Stimulus Complexities

By Robert Carpenter, Editor | February 2009 Vol. 64 No.2

It’s hard to believe in the future when every day you are told that the future is bleak. At least that’s the story we’re being bombarded with by national media. But the recent strength of the annual Underground Construction Technology International Conference & Exhibition was a refreshing breath of optimism and hope in an otherwise environment of despair.

UCT ran counter to trends and even expectations. Attendance actually rose by almost 11 percent. While attendees were understandably very cautious and nervous about the coming year, most were still working – and expected to stay that way through at least the first half of the year.

Not to minimize the world economic crisis; we all know the litany of problems that have to be dealt with – they are many and severe.
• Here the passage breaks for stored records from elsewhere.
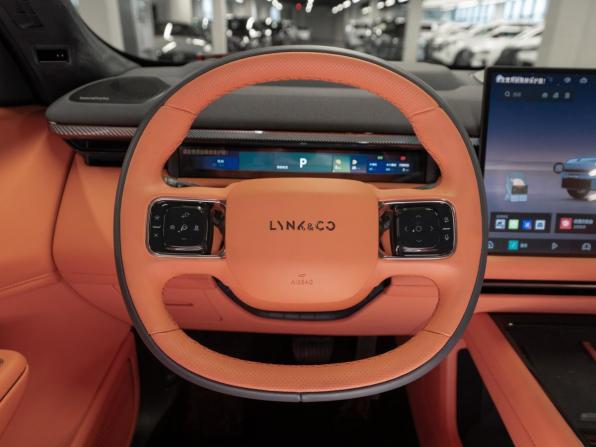 Lynk &amp; Co 900 с пробегом 2025 года, цена 7 700 000 рублей, 50 км, внедорожник, Автокод Объявления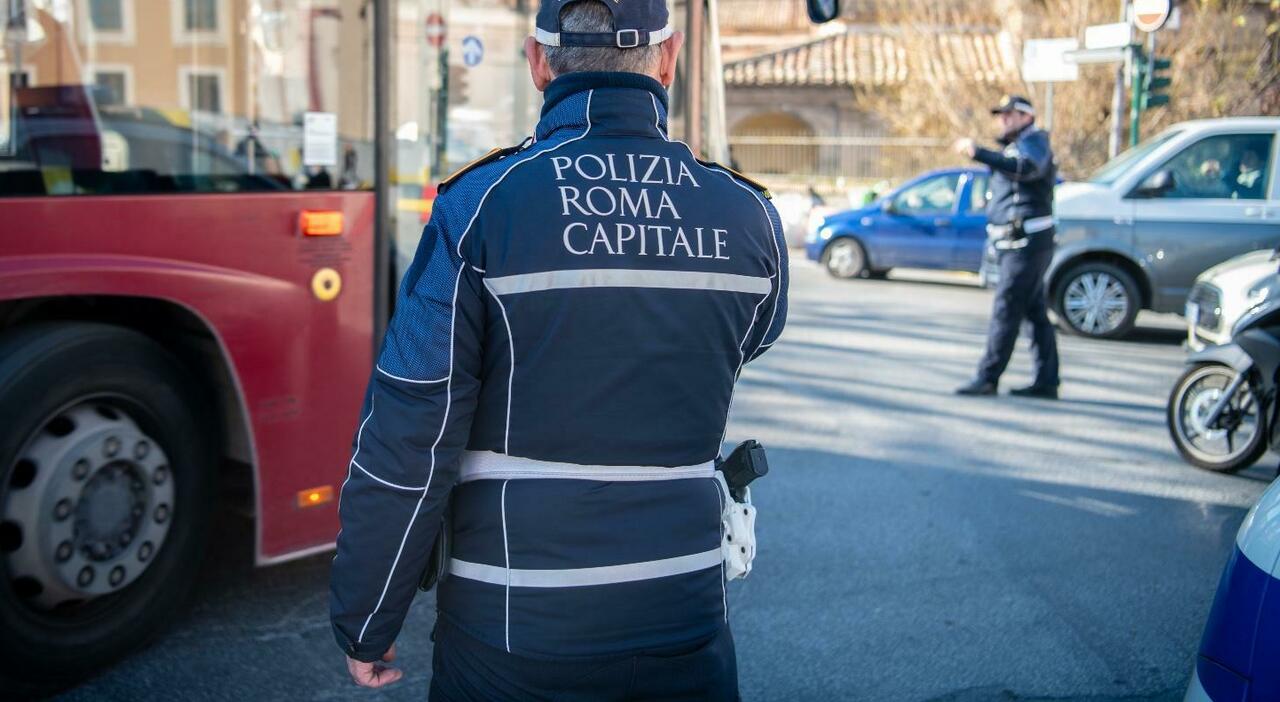 Malore in auto a Roma, un’auto parcheggiata viene colpita e l’uomo muore: aveva 56 anni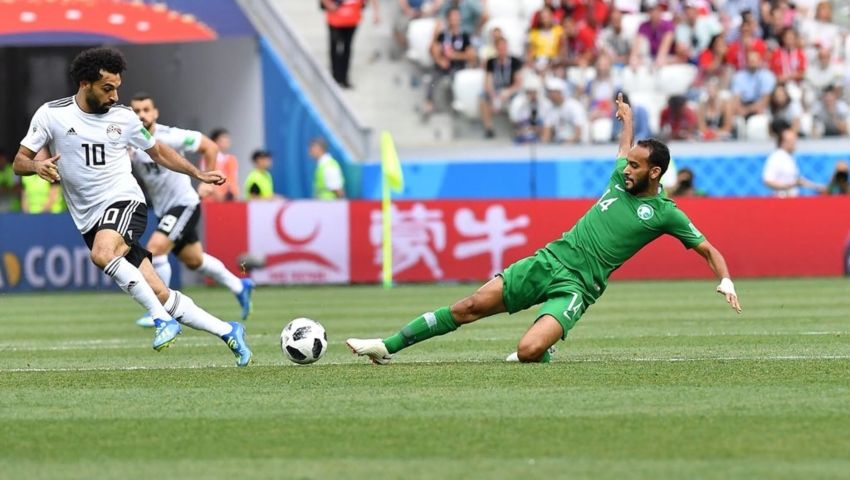 عبد الله عطيف، لاعب وسط المنتخب السعودي، وواحد من العناصر الأساسية التي يعتمد عليها بيتزي مدرب المنتخب السعودي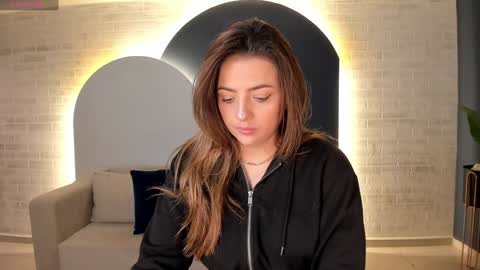 Snapshot of amywoods chatting on January 6, 9:19 am online show from January 6, 9:19 am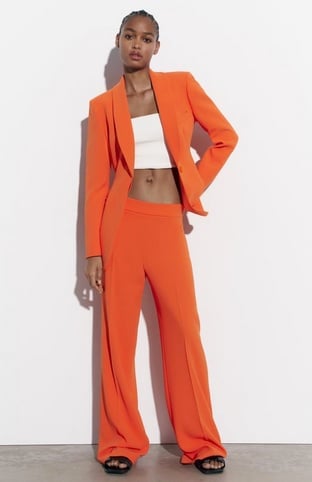 Traje Zara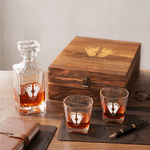 Personalisierte Baby Fußabdruck Whiskey Dekanter mit Text und Datum Geburtstag Jahrestag Vatertag Geschenk für Männer Freunde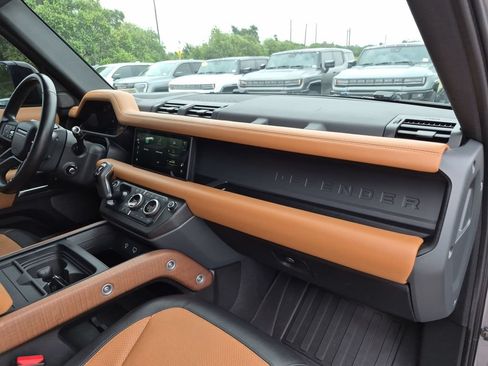 Used 2021 Land Rover Defender 110 X AWD/4WD image 39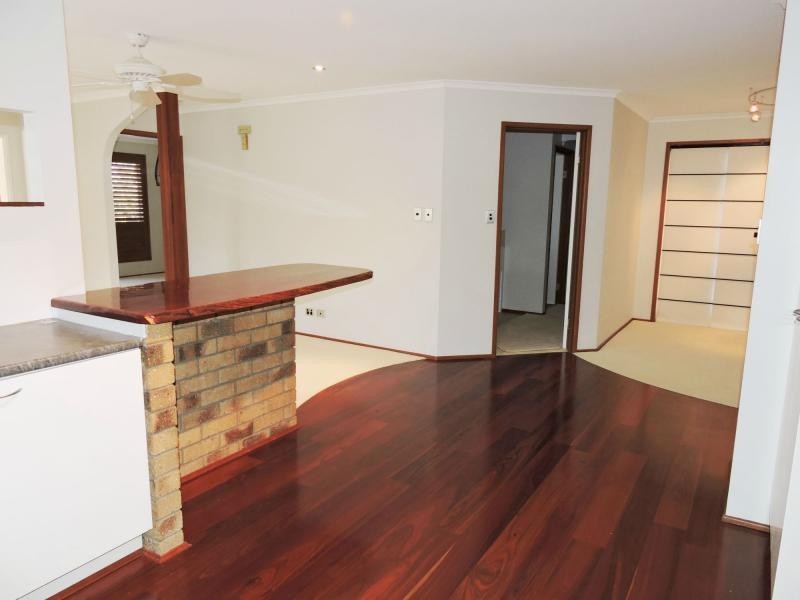 24 Peace Street, Rosenthal Heights QLD 4370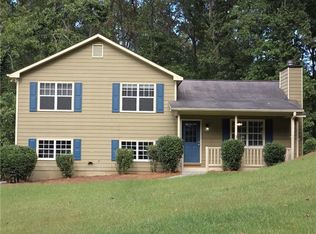 570 Remington Ln, Acworth, GA 30101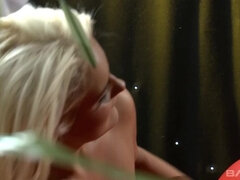 Blondi, Lesbo, Alusvaatteet, Itsetyydytys, Tatuointi, Lelut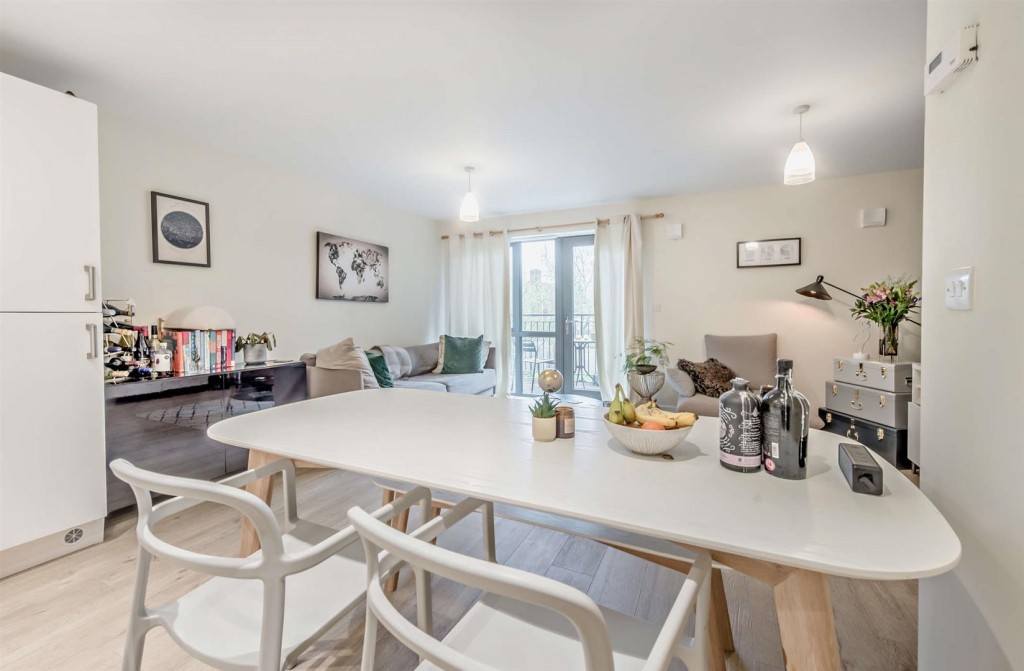 Images for Meadow Gardens, Jackson Road, Oxford EAID:BUTLSHEWESTAPI BID:1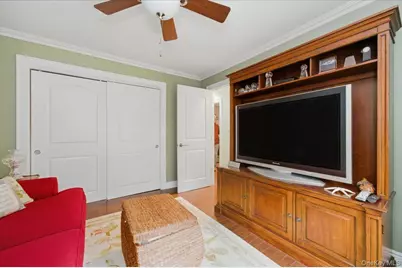 99 S Park Avenue #311, Rockville Centre, NY 11570 - Photo 19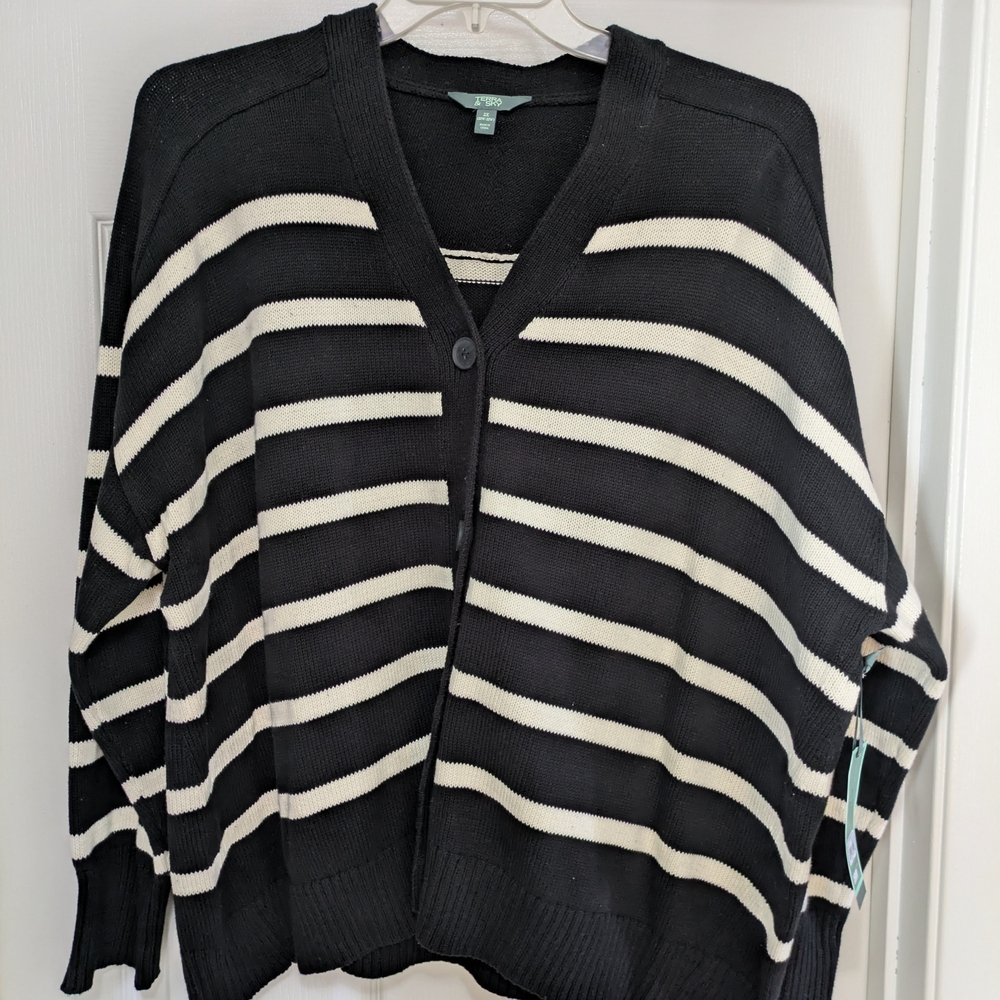 Terra & Sky Black and Cream Striped V-Neck Button Cardigan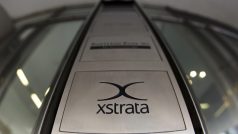 Logo těžařské společnosti Xstrata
But in any type of recession or economic downtown, opportunities also arise. Talk of the various federal stimulus proposals led much of the UCT conversation. Underground Construction’s Washington Editor Stephen Barlas is carefully following the stimulus developments and will continue to report breaking developments in detail.

That a stimulus will happen is a given. The House plan has been released for some time, details of the Obama plan have steadily been emerging and, as of this writing, the Senate plan was due to be released soon. The Republican Party, though in the minority in all branches of government, still yields much influence. But they, too, have expressed support for a major stimulus package.

Preliminary details of the stimulus plans indicate a broad impact for underground infrastructure. Figures vary and final negotiations will determine actual dollars, but it looks like sewer and water could receive between $10 and $12 billion.

But the stimulus doesn’t stop there. Water supply may get $2 or $3 billion. This typically means not only securing future sources of water for municipalities, but constructing pipelines to transport water as well.

The Rural Utilities Service may get $2.5 billion to supply broadband for rural areas and $3 billion has been earmarked to provide broadband to under-served suburban areas.

The power grid, still trying to meet Federal mandates after the Midwest/Northeast power blackouts a few years ago, could receive up to $5 billion to jumpstart those efforts. Increasingly, power lines are going underground.